Adoro Cartola e seu samba tão rico de realidades. Naquela letra infalível que destrona nossa onipotência de sermos superiores ou melhores. Aquela que diz, ainda é cedo, amor, mal começaste a conhecer a vida... então ouça bem, amor, preste atenção, o mundo é um moinho, vai triturar teus sonhos, tão mesquinhos, vai reluzir as ilusões a pó. Um samba psicanalítico, sem muitos adereços e paetês, duro como a vida e o dia a dia. Um joelhaço kleiniano em nosso rim direito. Sim, é preciso abrir mão das nossas idealizações para encontrarmos um instante de alívio no cotidiano. A vida não é e nunca será como queremos que ela seja, nem o outro e nem nós mesmos. A vida não nos dá a mínima. Tanto é que passaremos por ela, iremos embora, seremos esquecidos e ela continuará a existir. Assim como o mundo, para aqueles que conseguem perceber, é um moinho. Por mais duro que seja constatar isso, nos ajuda a suportar a realidade, inclusive essa de pessoas que aproveitaram o feriado de carnaval para lotar as praias, ouvir som alto e espalhar seu lixo físico e metafórico por onde passaram. Uma destruição das regras, do contrato social, uma afronta aos cuidados, um narcisismo patalógico associado a um certo grau de autodestrutividade. Como diria Freud, uma pulsão de morte.
É preciso entender que somos afetados significantemente por nossa criação, história e meio. Crescemos com os mesmos valores de quem veio antes de nós. Fazemos algumas concessões, mudamos algumas pequenas atitudes, mas somos parecidos com aqueles que nos criaram. Mas esse entendimento não serve para justificar nossa raiva ou impotência. Porque também somos o resultado de nossas escolhas, inconscientes ou não.

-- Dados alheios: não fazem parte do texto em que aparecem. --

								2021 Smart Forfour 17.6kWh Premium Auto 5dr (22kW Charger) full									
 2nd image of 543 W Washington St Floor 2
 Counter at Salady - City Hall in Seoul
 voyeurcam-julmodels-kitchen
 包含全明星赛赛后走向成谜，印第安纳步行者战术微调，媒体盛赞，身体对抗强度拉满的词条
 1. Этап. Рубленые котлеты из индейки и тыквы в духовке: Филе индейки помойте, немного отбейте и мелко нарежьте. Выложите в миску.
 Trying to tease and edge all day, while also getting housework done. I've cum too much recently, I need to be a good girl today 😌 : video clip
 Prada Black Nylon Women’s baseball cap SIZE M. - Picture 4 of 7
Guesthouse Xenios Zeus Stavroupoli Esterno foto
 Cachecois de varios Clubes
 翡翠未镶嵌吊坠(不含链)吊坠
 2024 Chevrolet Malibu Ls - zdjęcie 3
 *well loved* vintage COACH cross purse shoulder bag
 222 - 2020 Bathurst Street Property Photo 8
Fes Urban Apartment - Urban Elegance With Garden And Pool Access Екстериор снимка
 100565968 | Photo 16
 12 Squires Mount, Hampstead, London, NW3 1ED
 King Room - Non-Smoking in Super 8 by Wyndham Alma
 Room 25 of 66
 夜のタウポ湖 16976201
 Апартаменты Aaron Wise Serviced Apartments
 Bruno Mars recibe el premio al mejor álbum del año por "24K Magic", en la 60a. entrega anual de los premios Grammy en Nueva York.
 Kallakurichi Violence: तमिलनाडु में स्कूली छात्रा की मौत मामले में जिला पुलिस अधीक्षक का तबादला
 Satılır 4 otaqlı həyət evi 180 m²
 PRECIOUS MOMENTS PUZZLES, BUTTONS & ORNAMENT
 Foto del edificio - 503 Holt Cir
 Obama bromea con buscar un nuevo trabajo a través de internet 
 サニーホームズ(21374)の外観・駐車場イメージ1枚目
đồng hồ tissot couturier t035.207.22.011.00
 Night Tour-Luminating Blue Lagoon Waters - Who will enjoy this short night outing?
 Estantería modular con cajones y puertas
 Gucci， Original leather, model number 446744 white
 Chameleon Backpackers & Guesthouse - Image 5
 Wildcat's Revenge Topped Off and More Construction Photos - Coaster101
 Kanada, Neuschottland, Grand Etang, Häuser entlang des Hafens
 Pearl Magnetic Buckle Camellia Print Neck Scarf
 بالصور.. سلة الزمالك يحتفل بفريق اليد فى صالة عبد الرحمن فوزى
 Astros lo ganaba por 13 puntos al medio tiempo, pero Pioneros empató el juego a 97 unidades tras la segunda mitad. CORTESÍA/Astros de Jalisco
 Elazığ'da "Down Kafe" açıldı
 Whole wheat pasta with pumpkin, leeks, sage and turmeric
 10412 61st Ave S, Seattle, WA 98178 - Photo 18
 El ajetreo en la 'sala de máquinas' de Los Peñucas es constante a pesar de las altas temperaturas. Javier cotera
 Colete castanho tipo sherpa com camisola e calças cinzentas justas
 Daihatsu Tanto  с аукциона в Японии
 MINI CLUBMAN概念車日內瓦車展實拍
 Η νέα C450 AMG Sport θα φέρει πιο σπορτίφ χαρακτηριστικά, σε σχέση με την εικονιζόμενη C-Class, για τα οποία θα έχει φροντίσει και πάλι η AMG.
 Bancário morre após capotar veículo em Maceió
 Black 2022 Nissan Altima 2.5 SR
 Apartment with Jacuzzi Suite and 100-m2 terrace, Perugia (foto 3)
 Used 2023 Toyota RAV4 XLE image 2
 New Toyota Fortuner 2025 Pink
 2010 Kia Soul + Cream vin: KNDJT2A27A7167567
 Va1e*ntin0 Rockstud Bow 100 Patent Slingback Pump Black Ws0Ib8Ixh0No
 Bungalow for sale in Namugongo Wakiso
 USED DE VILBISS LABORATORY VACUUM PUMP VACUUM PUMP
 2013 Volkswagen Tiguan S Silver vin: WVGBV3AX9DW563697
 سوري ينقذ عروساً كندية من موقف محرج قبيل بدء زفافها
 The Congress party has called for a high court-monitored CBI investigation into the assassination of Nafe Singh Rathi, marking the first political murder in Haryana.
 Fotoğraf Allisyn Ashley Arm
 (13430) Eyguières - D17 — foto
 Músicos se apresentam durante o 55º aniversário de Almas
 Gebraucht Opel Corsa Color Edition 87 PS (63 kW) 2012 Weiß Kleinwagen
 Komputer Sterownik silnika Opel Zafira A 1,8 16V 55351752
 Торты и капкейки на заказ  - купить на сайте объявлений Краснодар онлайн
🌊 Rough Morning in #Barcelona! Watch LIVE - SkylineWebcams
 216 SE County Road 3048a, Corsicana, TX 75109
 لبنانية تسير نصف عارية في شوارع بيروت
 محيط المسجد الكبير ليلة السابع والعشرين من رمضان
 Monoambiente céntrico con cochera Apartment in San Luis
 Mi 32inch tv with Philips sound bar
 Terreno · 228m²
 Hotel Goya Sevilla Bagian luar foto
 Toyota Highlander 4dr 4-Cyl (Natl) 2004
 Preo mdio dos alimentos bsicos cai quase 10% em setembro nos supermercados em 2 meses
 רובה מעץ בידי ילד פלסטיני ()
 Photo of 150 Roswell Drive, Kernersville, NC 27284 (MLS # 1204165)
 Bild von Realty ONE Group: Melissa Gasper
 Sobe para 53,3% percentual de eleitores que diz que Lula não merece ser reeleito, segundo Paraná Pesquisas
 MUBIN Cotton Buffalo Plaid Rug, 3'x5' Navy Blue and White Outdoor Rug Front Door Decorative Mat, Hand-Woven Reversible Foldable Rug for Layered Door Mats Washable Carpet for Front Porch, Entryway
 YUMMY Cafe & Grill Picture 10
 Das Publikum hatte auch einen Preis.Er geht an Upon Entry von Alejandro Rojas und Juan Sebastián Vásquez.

Nesses dias de festividades coletivas as angústias se apresentam no consultório. Um misto de raiva, inveja, desejo de festa, medo de morrer, as questões políticas, a vacina. Sim, a realidade nos atravessa e nos causa ansiedade, principalmente porque nos damos conta de que ela não depende de nós. Respiro junto e penso sempre que precisamos perseverar. Ou como diz o samba de Noel Rosa, viver alegre hoje é preciso, conserva sempre o teu sorriso, mesmo que a vida esteja feia.